====== INFORMATION PROVIDED

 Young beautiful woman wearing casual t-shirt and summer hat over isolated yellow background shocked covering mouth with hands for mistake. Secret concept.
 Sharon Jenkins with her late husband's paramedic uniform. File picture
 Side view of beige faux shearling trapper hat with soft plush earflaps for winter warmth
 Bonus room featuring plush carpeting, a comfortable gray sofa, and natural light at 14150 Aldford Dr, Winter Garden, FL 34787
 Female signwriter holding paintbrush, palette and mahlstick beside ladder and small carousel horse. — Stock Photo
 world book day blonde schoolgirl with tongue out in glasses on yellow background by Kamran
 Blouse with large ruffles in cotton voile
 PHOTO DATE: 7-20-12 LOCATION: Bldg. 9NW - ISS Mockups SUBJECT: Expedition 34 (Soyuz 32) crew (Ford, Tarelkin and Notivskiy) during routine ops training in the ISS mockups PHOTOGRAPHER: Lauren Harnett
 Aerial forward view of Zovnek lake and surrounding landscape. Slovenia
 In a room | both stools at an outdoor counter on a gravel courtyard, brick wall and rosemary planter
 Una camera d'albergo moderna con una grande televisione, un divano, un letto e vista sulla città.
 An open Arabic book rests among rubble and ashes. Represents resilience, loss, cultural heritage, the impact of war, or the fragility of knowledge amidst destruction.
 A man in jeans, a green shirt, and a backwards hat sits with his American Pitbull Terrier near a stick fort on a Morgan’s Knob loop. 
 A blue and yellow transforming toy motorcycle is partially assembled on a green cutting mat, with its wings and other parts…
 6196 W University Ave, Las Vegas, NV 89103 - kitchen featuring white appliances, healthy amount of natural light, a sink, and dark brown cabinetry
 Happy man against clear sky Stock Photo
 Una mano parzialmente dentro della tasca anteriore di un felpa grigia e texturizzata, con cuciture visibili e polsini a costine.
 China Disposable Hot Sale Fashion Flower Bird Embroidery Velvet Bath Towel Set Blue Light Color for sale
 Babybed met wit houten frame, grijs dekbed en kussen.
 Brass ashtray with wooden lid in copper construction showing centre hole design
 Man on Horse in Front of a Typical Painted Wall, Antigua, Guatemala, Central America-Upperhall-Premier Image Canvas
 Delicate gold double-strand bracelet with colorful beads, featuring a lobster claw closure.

============

- **WORK REQUIRED**
Where in the listing does the string "natural" appear? Copy every line that has it.

- **SOLUTION BELOW**
 Bonus room featuring plush carpeting, a comfortable gray sofa, and natural light at 14150 Aldford Dr, Winter Garden, FL 34787
 6196 W University Ave, Las Vegas, NV 89103 - kitchen featuring white appliances, healthy amount of natural light, a sink, and dark brown cabinetry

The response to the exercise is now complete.